Arguably the most profound narration from Proust’s huge tome, which is composed of a number of novels, is the description quite early on of what happens to the narrator’s sense of time when he tastes a madeleine. This moment of remembering has coined the term a ‘Proustian moment’, which refers to how a sound, sight, sound (music), smell, taste or happening can trigger a flash back of strong emotion to an earlier time.
Through his writing, Proust examined what is perceived, and also what is remembered, and the repeated and ever-present links between perception and memory.
This interests me because I find the idea that time is a linear yet intangible ‘something’ completely meaningless. Many people, it seems, see time as something invisible that they live in and they travel along, as if they are a dot travelling along a long line that stretches from birth to death. They accept it as natural and dependable as the air that they breathe.
I don’t see time like that at all. Time disturbs me. I see time as a big cumulus cloud with me in the middle.
If time were a line and I had to draw it, it would look something like this.
Time often feels as if it is traveling at a constant, linear fashion. Yet, there will be a moment in time’s journey, when I’m in a building I’ve been in before, or smelling a smell of the past, or tasting a taste of my childhood, or thinking about someone who has long left my day-to-day existence and I will get what I can only describe as a time-carrying emotional wack in the stomach.
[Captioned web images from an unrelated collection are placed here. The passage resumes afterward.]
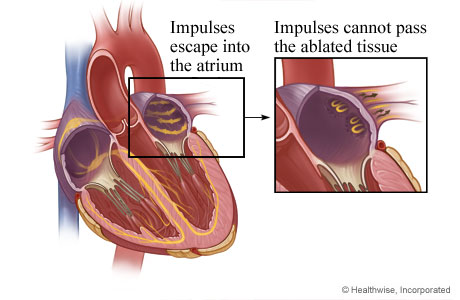 How scar tissue from ablation stops electrical impulses How scar tissue from ablation stops electrical impulses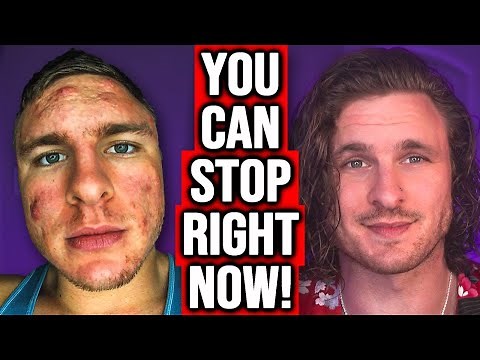 THE FASTEST WAY TO STOP PICKING AT YOUR ACNE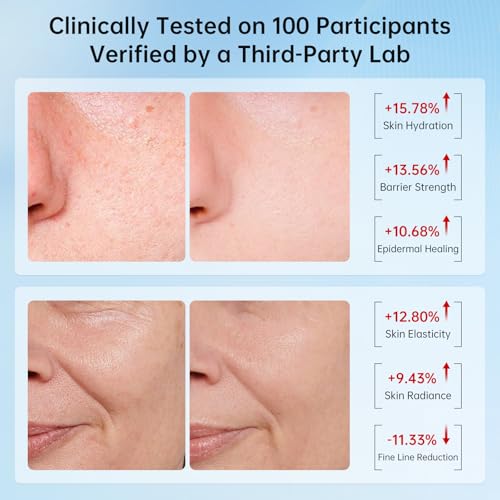 VGO Snail Mucin 92% Moisturizer Daily Face Moisturizer Hydrating Repair Face Gel Cream for Dry & Sensitive Skin, All Skin Types 50g / 1.76oz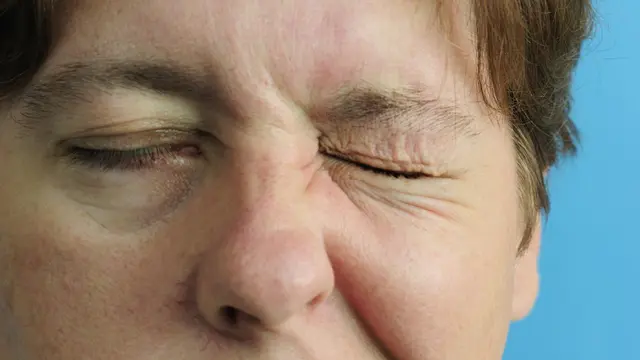 Terlihat Mirip, Bell's Palsy Sering Disangka Stroke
It can be a good wack, or it can be a bad wack.
I also have these time-carrying emotional wacks when I am driving. In fact, I get them a lot when I am driving. I also get them at Zumba, when I’m trying to sleep, and when I’m waiting in a queue. So they are sometimes triggered by an external stimuli (a smell or taste) and sometimes triggered by a total lack of external stimuli (boredom). Time exists in the chaos and the void.
So it may be n number of years since an emotional event happened, good or bad, but I can be thrust back to that event just as suddenly and unpredictably as I can not be thrust back to it. The idea that time heals, is utter rubbish. Why? Because time is a cloud, it isn’t linear. It doesn’t just have speed and direction. It has position as well. Perhaps the physicists need to step in at this point and make the observation that they have made many times before that you can either examine the velocity of a particle or it’s position but not both.
This theory is called the Uncertainty Principle. I therefore propose that we create an Uncertainty of Time Principle as well. Time is like a particle. We can see the position of time in our minds, or the velocity it is travelling at (with us along with it), but we can’t see both together.
If I could control my emotions and prevent the lack of or all-encompassing stimuli to the senses, then time would be predictable. But I can’t and it isn’t. So I have to accept that this is how time is. Time is woolly. It can’t be measured.
There’s no point fighting or seeking the emotional wacks, they will come when time wills.